(Brief descriptive captions)
□ □ □ □

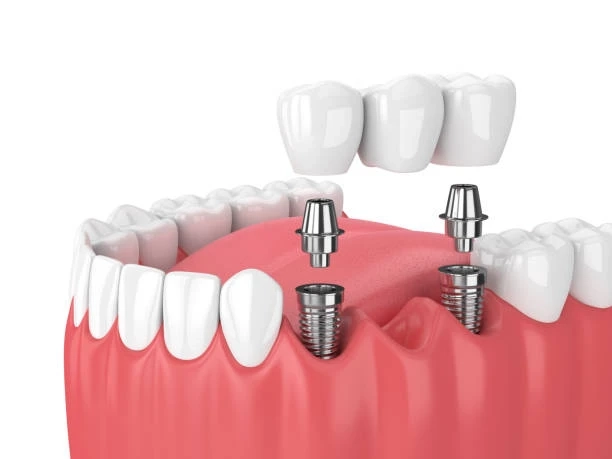 7 Advantages of Dental Implants Over Dentures and Bridges
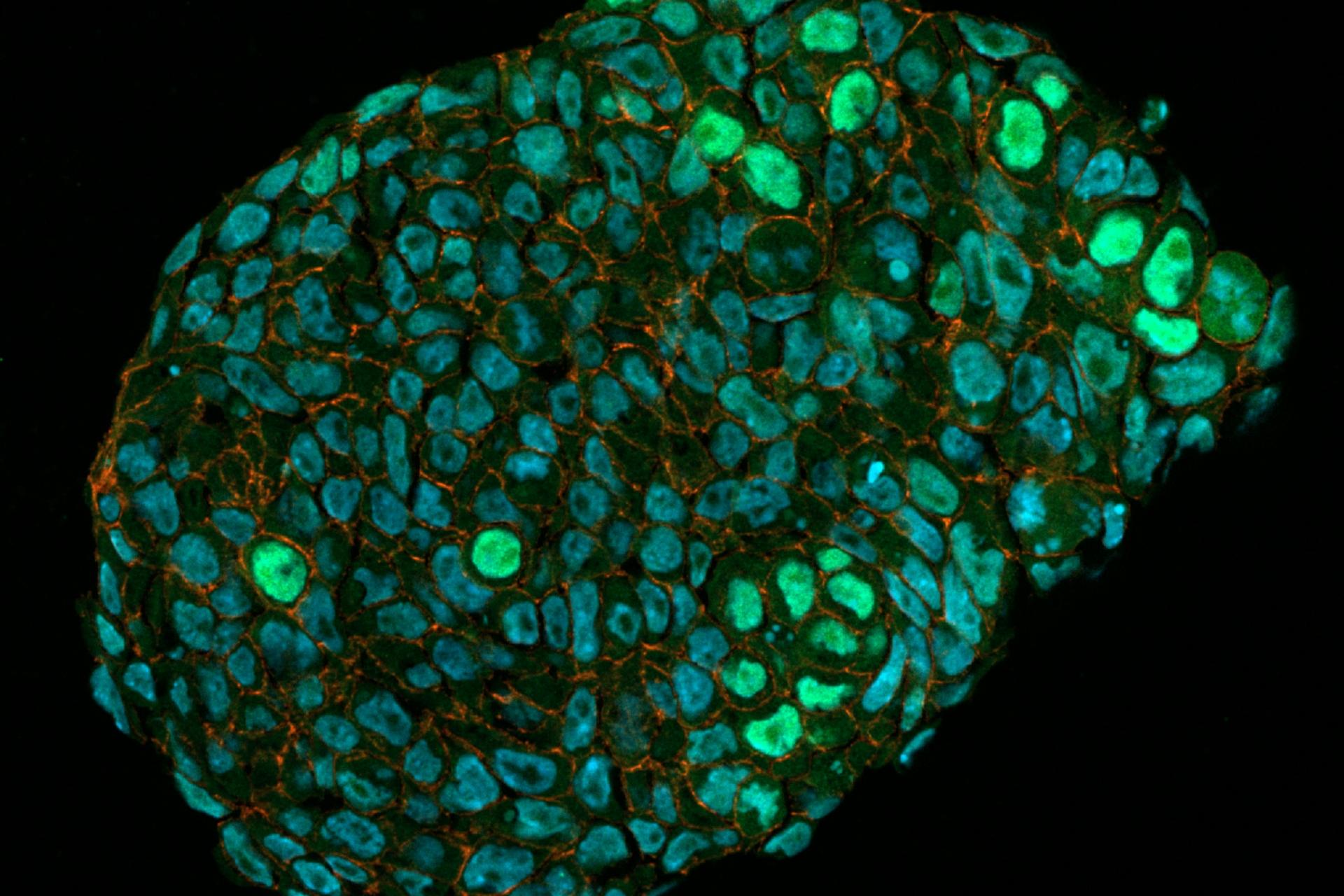 Organoids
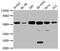 Cytochrome P450 Family 21 Subfamily A Member 2 antibody, CSB-PA006400LA01HU, Cusabio, Western Blot image 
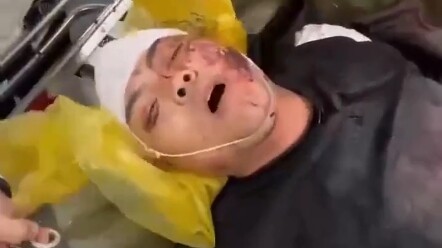 Toàn thân mềm nhũn hết rồi, chỉ còn cái miệng là cứng thôi.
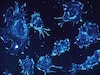 Cancer drug may protect against certain lung ailments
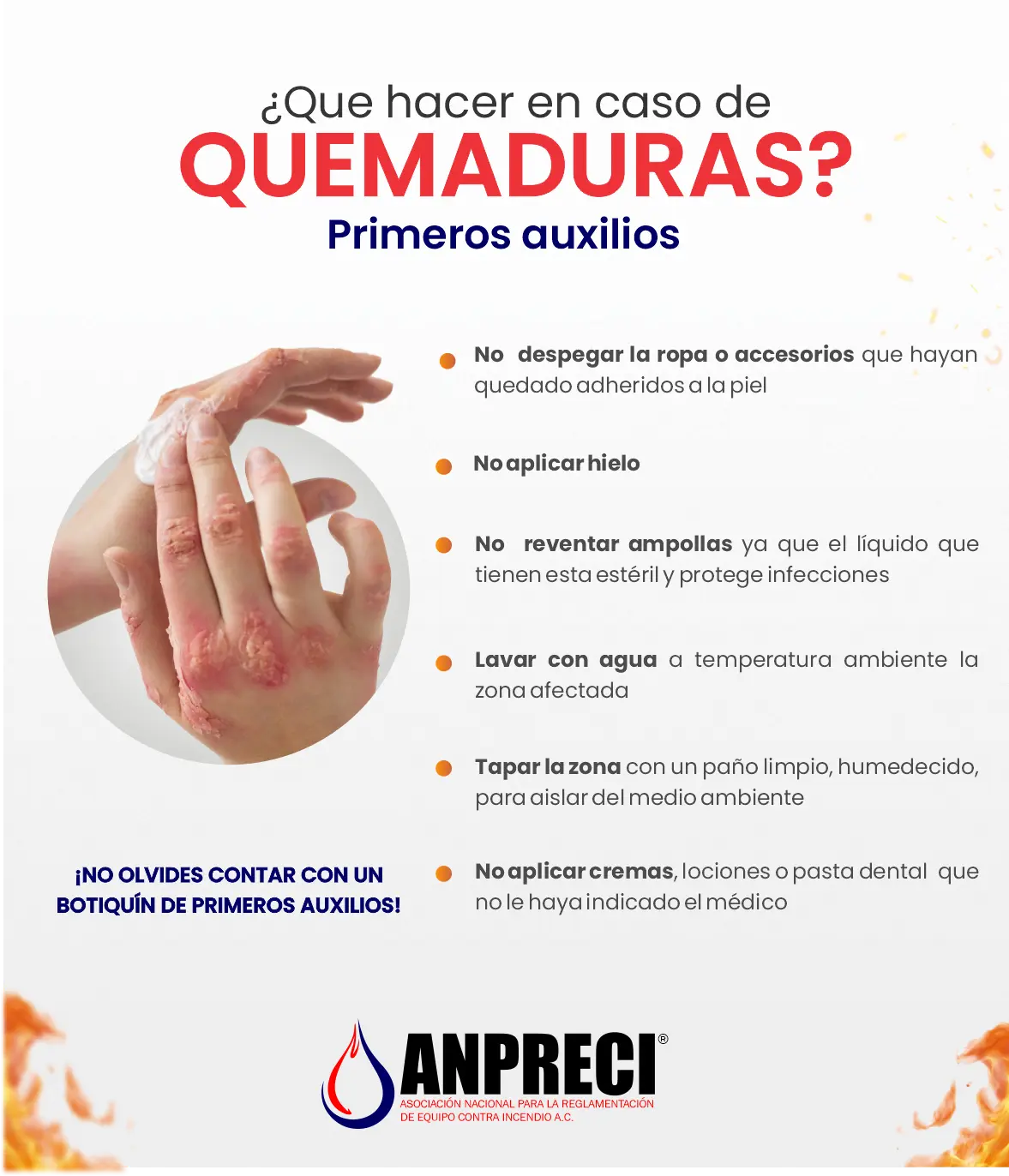 Que-hacer-en-caso-de-quemaduras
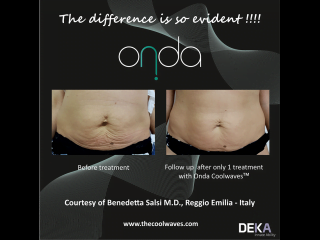 ONDA Coolwaves skin tightening before and after result after 1 treatment on womans stomach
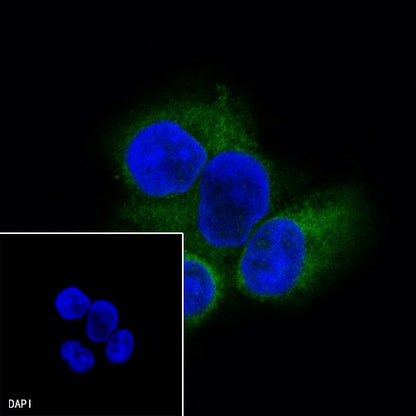 ALDH3A1 Recombinant Rabbit mAb (S-R220)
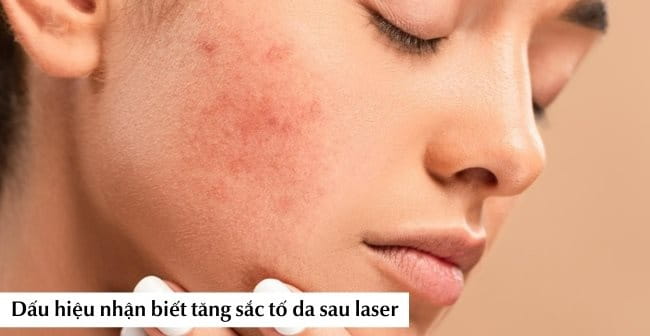 Tăng sắc tố sau laser gây ra những mảng da sậm màu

□ □ □ □

Images stay out, but the rest of the records must be retyped exactly.

 7 Advantages of Dental Implants Over Dentures and Bridges
 Organoids
 Cytochrome P450 Family 21 Subfamily A Member 2 antibody, CSB-PA006400LA01HU, Cusabio, Western Blot image 
 Toàn thân mềm nhũn hết rồi, chỉ còn cái miệng là cứng thôi.
 Cancer drug may protect against certain lung ailments
 Que-hacer-en-caso-de-quemaduras
 ONDA Coolwaves skin tightening before and after result after 1 treatment on womans stomach
 ALDH3A1 Recombinant Rabbit mAb (S-R220)
 Tăng sắc tố sau laser gây ra những mảng da sậm màu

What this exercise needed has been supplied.